Und ich muß gegebenenfalls ein Todesurteil sprechen? Wofür sollte ich sie denn verurteilen? Daß sie entstand? Daran ist sie unschuldig. Daß sie herumgestoßen und verabscheut wurde? Dafür kann sie gar nichts. Daß sie so gern ein richtiger Mensch sein möchte? Das ist doch sogar gut. Daß sie mich liebt? Wie kann ich das...? Nein, sie darf nicht sterben!
Sie ist kinderlieb auch wenn sie nie ein Kind bekommen dürfte, das vermag die Technik nicht! sie ist gut und liebenswert und klug. Und wenn sie in der Lage ist, ein Mensch zu sein oder jedenfalls so zu sein wie ein Mensch, dann darf man sie nicht verurteilen.
Ich darf es nicht, ich muß ihr helfen, endlich glücklich zu werden. Im Gegenteil, sie hat mir ja gewissermaßen die Verantwortung dafür übertragen, als sie sich mir anvertrauen wollte. Wenn ich sie enttäuschen würde ich glaube, dann wäre ich der schlechtere Mensch von uns beiden.
Also... ich werde es später verantworten müssen; aber ich werde es verantworten können.
Ich drückte auf die Klingel. Die Schritte des Arztes näherten sich. Die Tür klappte. Der Doktor kam herein und schaute mich fragend an.
»Nun?«
»Operieren Sie bitte!«
Das Triom
1
Mein Wagen wartete nur darauf, daß ich ihn auf die Spur lenkte. Auf dem Steuerpult leuchteten die orange Kontrollampe und daneben der eingetastete Ortsname RIEGITZ. Der Lenkrechner arbeitete, der Motor summte unruhig. Dann zog das Auto weich an.
Ich lehnte mich zurück, nahm die Brille ab und ließ Nerven und Muskeln erschlaffen. Das tat gut. Ohnehin behauptete Heinz, ich arbeitete zuviel; bedachtsames Vorgehen schaffe weniger Falten, ich sei bereits dreißig.
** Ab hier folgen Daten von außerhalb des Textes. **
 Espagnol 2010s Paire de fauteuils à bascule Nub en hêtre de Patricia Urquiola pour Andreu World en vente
Ich freute mich, der Aufforderung zur Reise gefolgt zu sein. Voraussichtlich würde das Leitungsteam nachmittags zum drittenmal debattieren. Über Lappalien! Da zog ich einen Landausflug vor.
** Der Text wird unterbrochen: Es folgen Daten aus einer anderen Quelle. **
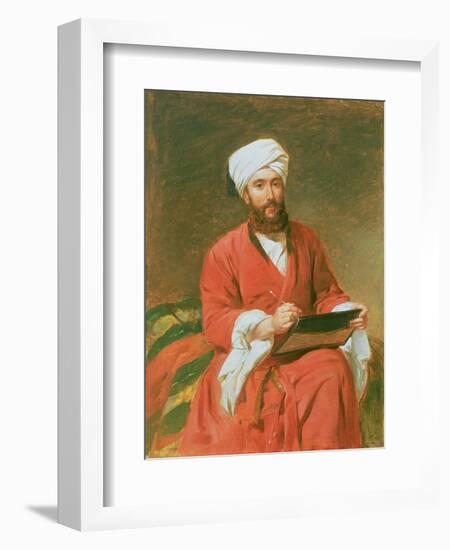 A Turkish Pasha-Frederick Goodall-Framed Giclee Print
Ich verdankte ihn Doktor Fendi er. Wir kannten uns vom Schachclub her seine Bitte klang allerdings merkwürdig.
»Hör mal, Toni: Mein Patient besteht darauf, einen Biotechniker zu sprechen. Sofort. Die Zeit drängt, ihm geht es miserabel. Der Krankenwagen wartet längst.«
»Worum geht’s denn!« Mich ärgerte, daß er von einer Stelle anrief, die kein Videosystem besaß.
»Unbeschreibbar. Komm her! Ach ja, wirf vorher einen Blick ins Institutsarchiv. Malloy hat früher bei euch gearbeitet. Die Adresse ist: Riegitz, Haus dreizehn... Du, ich muß nachschauen, ob Malloy... Bis dann!«
Ich ahnte, worum es sich handelte: Der Kranke hatte an seinem Haus-Biomaten gebastelt, ein wohl unausrottbares Delikt.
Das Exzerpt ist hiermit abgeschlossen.